Learning Together, Achieving More
Intent of Design and Technology
At Olton Primary School, children receive a design and technology curriculum that allows them to exercise their creativity through designing and making. The children are taught to combine their designing and making skills with knowledge and understanding in order to design and make a product. Skills are taught progressively to ensure that all children are able to learn and practice in order to develop as they move through the school.
Evaluation is an integral part of the design process and allows children to adapt and improve their product, this is a key skill that they need throughout their life. D&T allows children to apply the knowledge and skills learned in other subjects, particularly Maths, Science and Art.
Children’s interests are captured through theme learning, ensuring that links are made in a cross-curricular way, giving children motivation and meaning for their learning. Children will also learn basic cooking skills, which can be applied to their daily life.

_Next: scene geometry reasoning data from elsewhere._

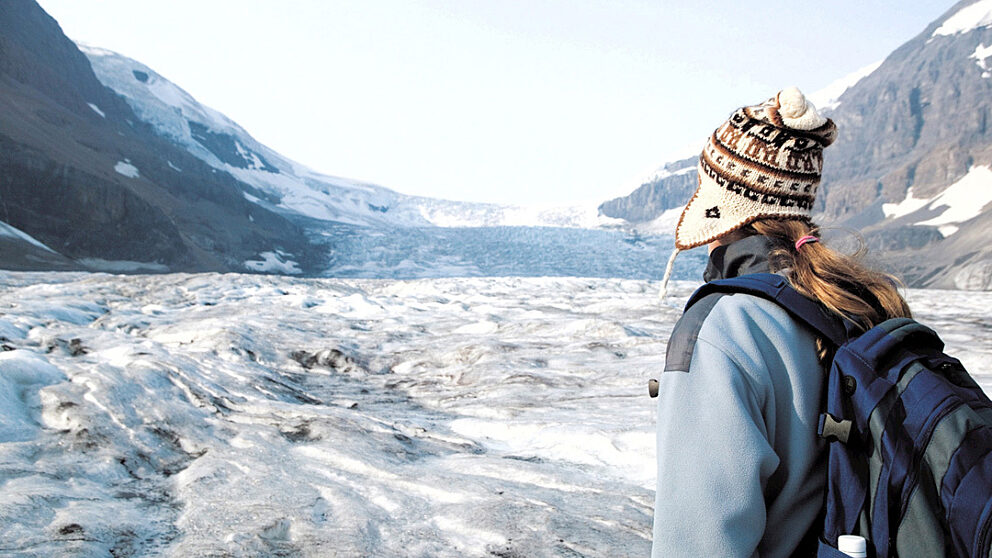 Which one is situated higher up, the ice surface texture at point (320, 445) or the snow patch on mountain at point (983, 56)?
the snow patch on mountain at point (983, 56)

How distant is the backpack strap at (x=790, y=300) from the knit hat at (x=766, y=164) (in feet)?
0.79

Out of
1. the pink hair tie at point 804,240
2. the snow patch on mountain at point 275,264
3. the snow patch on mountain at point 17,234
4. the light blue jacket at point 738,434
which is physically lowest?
the snow patch on mountain at point 275,264

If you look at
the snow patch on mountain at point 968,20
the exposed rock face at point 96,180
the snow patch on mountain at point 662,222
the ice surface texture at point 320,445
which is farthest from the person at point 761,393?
the snow patch on mountain at point 968,20

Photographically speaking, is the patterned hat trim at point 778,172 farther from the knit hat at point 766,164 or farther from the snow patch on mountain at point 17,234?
the snow patch on mountain at point 17,234

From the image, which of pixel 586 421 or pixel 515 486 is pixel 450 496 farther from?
pixel 586 421

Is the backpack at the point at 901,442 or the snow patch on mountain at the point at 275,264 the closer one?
the backpack at the point at 901,442

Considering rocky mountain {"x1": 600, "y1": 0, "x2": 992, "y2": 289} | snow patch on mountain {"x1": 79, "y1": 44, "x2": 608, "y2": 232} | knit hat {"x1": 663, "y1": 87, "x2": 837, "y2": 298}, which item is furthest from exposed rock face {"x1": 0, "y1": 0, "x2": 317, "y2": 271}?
rocky mountain {"x1": 600, "y1": 0, "x2": 992, "y2": 289}

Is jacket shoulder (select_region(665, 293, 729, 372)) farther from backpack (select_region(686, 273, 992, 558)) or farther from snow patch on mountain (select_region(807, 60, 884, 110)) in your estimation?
snow patch on mountain (select_region(807, 60, 884, 110))

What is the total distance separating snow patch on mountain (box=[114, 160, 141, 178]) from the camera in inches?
1329

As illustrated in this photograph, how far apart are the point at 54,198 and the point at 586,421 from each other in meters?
29.9

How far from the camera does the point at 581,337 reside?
25.0 ft

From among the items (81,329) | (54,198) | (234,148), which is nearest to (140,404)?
(81,329)

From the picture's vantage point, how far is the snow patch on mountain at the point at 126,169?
3375 centimetres

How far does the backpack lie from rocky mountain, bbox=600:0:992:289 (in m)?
50.3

In 2021-22, Olton Primary has embraced a revision to our Design and Technology Curriculum in response to the pandemic and opportunities that some of our children may have missed as a result of lockdowns. We have adopted Kapow D&T scheme because we feel it offers cultural breadth and depth.
Implementation of Design and Technology (knowledge and skills)

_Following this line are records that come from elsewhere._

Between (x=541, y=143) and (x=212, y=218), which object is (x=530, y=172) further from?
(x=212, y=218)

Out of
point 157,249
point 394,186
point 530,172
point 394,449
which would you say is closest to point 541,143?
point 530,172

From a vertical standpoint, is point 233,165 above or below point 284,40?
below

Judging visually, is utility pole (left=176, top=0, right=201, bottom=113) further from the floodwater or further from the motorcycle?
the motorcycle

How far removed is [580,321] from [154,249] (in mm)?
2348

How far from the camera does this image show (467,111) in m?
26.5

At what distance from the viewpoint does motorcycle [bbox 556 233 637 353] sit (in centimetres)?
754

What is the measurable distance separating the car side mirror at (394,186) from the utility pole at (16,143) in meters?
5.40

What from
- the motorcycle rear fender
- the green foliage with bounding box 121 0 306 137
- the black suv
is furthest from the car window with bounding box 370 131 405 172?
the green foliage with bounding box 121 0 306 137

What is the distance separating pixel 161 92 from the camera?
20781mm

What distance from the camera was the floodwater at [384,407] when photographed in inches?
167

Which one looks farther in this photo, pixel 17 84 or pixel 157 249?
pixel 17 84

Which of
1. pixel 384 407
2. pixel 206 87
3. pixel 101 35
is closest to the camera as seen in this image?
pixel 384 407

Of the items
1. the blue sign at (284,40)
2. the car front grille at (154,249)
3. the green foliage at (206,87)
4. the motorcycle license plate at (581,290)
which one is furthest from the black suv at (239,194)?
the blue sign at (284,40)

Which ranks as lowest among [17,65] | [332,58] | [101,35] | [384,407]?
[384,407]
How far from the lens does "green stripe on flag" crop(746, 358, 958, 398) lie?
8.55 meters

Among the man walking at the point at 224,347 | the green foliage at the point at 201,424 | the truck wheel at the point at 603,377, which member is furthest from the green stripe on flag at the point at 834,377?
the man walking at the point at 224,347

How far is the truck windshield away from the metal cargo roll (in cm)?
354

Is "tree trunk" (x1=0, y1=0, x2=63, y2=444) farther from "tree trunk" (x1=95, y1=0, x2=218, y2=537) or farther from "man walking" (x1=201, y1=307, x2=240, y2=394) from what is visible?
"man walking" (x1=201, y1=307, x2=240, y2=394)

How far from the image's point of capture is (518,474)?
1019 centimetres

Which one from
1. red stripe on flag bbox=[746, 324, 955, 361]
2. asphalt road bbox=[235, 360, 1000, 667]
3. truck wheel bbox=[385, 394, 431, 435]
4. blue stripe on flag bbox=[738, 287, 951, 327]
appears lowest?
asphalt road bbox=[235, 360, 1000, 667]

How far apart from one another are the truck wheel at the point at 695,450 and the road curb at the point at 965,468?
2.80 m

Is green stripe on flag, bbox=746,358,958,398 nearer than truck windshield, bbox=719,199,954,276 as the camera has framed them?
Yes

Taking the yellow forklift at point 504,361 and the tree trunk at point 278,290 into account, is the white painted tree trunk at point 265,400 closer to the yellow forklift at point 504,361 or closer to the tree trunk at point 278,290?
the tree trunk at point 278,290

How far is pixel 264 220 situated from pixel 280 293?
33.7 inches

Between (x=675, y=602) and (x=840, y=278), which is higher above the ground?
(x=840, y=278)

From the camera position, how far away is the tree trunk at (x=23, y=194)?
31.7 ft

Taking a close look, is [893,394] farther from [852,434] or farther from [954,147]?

Our whole curriculum is shaped by our school vision which aims to enable all children, regardless of background, ability, additional needs, to flourish to become the very best version of themselves they can possibly be.
We teach the National Curriculum, supported by clear skills and knowledge progression. This ensures that skills and knowledge are built on year by year and sequenced appropriately to maximise learning for all children. All teaching of DT should follow the design, make and evaluate cycle. Each stage should be rooted in technical knowledge.
- The design process should be rooted in real-life, relevant contexts to give meaning to learning.
- While making, children should be given choices and a range of tools to choose freely from.
- To evaluate, children should be able to evaluate their own products against design criteria.
Each of these steps should be rooted in technical knowledge and vocabulary. DT should be taught to a high standard, where each of the stages should be given equal weight.
The key skills we teach the children are:
· sewing and textiles
· cooking and nutrition
· electrical and mechanical components
· using materials
Impact of Design and Technology
We monitor the impact of the design and technology curriculum through various means including: pupil voice, end of unit assessments and learning walks. These are analysed on and a 'School Improvement Plan' for computing produced which contributes to the whole school ongoing continuous improvement cycle and whole school self-evaluation.